Expressing a neutral view over Liu's possible resignation, Fong said that "a reshuffle of the company's chairmanship may not do too much harm nor do any good to its future management, although a reshuffle will help sustain its stability."
Local Chinese-language news-papers yesterday speculated that, following his resignation, Liu's likely successor includes Paul Chiu (邱正雄), former finance minister and currently chairman of Grand Cathay Securities (大華證券) -- a China Development subsidiary -- while Diana Chen (陳敏薰), Liu's hand-picked acting chairperson, will be promoted to head China Development Industrial Bank (中華開發銀行).
But a China Development board member, who requested anonymity, yesterday said that few enjoyed as much clout as Liu to be capable of heading the company.

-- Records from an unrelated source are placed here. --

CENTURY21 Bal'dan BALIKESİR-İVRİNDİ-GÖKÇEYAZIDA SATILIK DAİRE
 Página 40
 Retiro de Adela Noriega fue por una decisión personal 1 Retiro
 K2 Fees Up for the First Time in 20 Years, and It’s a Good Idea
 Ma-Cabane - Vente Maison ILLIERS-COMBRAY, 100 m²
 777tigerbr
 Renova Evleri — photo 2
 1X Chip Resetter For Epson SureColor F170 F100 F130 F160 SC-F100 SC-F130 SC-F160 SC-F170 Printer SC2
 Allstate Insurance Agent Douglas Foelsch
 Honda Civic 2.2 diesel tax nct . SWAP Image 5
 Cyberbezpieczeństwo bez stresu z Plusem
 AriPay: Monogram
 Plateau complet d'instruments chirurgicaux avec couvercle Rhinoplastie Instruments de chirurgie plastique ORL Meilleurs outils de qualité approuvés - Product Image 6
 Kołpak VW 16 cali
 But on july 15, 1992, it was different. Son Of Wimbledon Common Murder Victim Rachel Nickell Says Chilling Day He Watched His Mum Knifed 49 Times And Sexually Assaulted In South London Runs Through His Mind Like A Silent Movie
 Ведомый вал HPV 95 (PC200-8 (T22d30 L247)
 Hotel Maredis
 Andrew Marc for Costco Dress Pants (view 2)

"Liu deserves credit as a professional corporate leader despite the fact he may have pulled strings to stretch the company's assets from some NT$5 billion in the 90s to the current NT$130 billion," the board member said, adding that many big-time shareholders still support Liu.
Liu, if he stays in office, will play a decisive role in the company's future investment projects and consolidation plans through mergers and acquisitions.
He added that Chen is too young for the job although her family is the biggest private shareholder with a 3 percent stake, while Chiu is an unlikely candidate.